本発明において、積層フィルムとシリコーン樹脂との加熱圧着、加熱成形、および後硬化処理は、従来公知の方法によって行うことができる。また、その際の諸条件は、使用するシリコーン樹脂組成物の配合組成や硬化進行状態、樹脂フィルムの融点、厚さ等に応じて、当業者が適宜に設定することができる。例えば、未加硫または半加硫シリコーン樹脂と本発明の積層フィルムとを接着する場合は、温度150〜250℃、圧力0.1〜20Pa、時間10〜600秒で加熱成形および加熱圧着することが好ましい。

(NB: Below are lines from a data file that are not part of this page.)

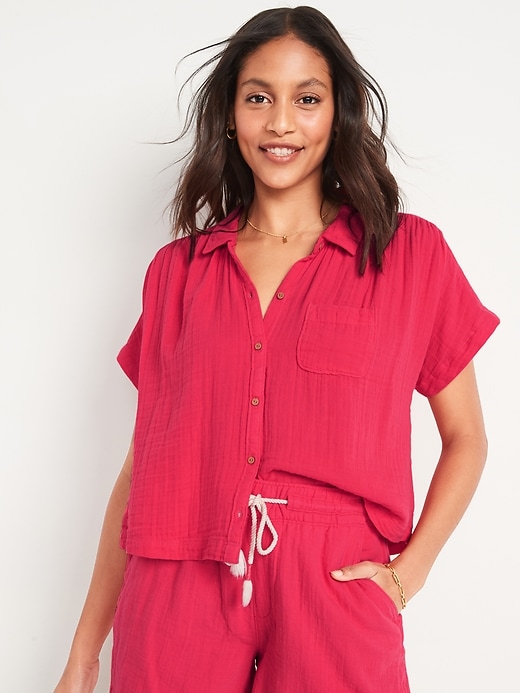 Image number 1 showing, Short-Sleeve Loose Shirt for Women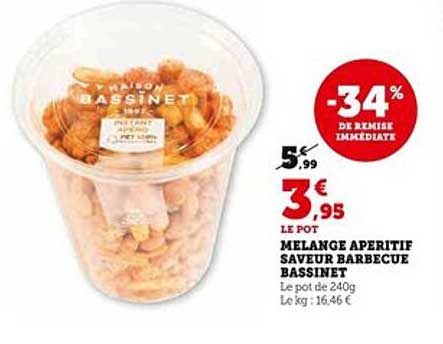 MÉLANGE APÉRITIF SAVEUR BARBECUE BASSINET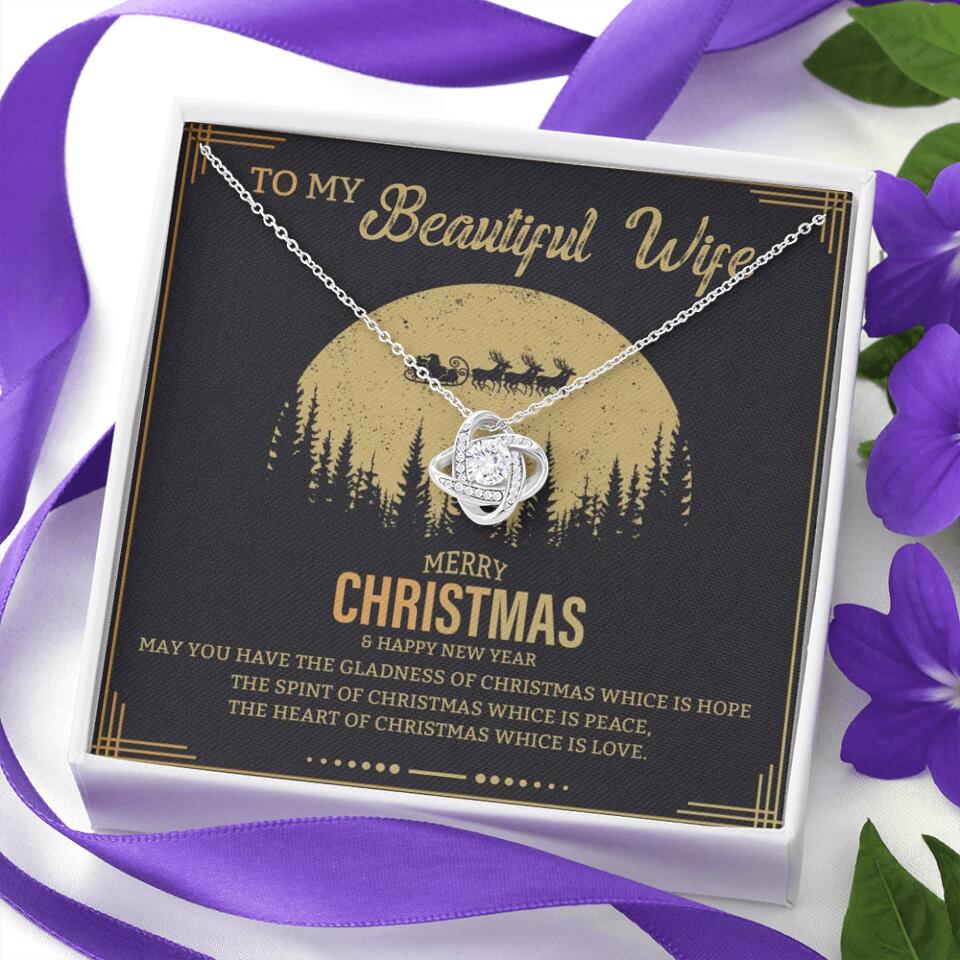 To My Beautiful Wife Merry Christmas - Personalized Christmas Gift for Her/Wife - Best Meaningful Gift for your Lovers - White Gold Necklace For Christmas - 210IHPNPJE432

以下、実施例により本発明をより具体的に説明するが、本発明は以下の実施例に限定されるものではない。
<積層フィルムの製造>
[実施例1]
(樹脂フィルムへの蒸着膜の形成)
厚さ100μmのPETフィルム(A4100、東洋紡(株)製、表面無処理)を使用し、これをロールツーロール型CVD装置(図5)のチャンバーb内のフィルム収納ロールa1に収納し、搬送ロールcおよびメインロールdを介して、フィルム収納ロールa2へと接続した。次に、プラズマ処理装置のチャンバー内を排気ポンプjによって0.001Paに減圧した。次いで、有機珪素化合物としてHMDSOを準備し、これを流量制御しながら40℃に加熱した気化器eによって気化して蒸着用モノマーガスとし、100sccm(気体状態)の流量で材料ノズルhによってチャンバーに供給した。また、酸素ガスfを1500sccmの流量で同じく材料ノズルhでチャンバーに供給した。次に、メインドラムdとマグネット電極(マグネットを備えた電極)g間の距離は50mmで、放電電源iによって700W、13.56MHzの電力をメインドラムdとマグネット電極gの間に投入することによりプラズマを生成し、成膜時のチャンバー内の圧力を3Paに保って、フィルム搬送速度2.0m/分で搬送しながら成膜して、フィルム収納ロールa2に収納した。尚、処理時の樹脂フィルムは水冷して室温に保持した。
(蒸着膜へのプラズマ処理面の形成)
続いて、プラズマ処理装置のチャンバー内を排気ポンプjによって0.001Paに減圧し、蒸着用モノマーガスは供給せずに0sccmとし、次いで、酸素ガスfを1500sccmの流量で材料ノズルhからチャンバーに供給した。そして、メインドラムdとマグネット電極g間の距離は50mmで、放電電源iによって700W、13.56MHzの電力をメインドラムとマグネット電極の間に投入することによりプラズマを生成し、成膜時のチャンバー内の圧力を8Paに保った。そして、フィルム収納ロールa2に収納されている蒸着膜形成済の樹脂フィルムを、フィルム収納ロールa1に向けて、搬送ロールcおよびメインロールdを介して、フィルム搬送速度4.2m/分で搬送しながらプラズマ処理し、プラズマ処理面を形成して、接着層を完成させて、積層フィルムを製造した。
[実施例2〜10][比較例1〜3]
樹脂フィルムの種類および酸素プラズマ処理時の酸素ガスfの流量を表1に示した条件に変更した以外は、実施例1と同様に操作して、蒸着膜とプラズマ処理面を形成して接着層を完成させて積層フィルムを製造した。
<シリコーン樹脂成型体の製造>
上記の実施例および比較例で製造した積層フィルムの接着層のプラズマ処理面と、加熱硬化型2液型シリコーンエラストマー(東レダウコーニング(株)QP1)とを重ね合せ、テスター産業社製精密プレス機によって、125℃、0.5MPaで600秒間加熱圧着および硬化を行い、複合シート(シリコーン樹脂成形体)を得た。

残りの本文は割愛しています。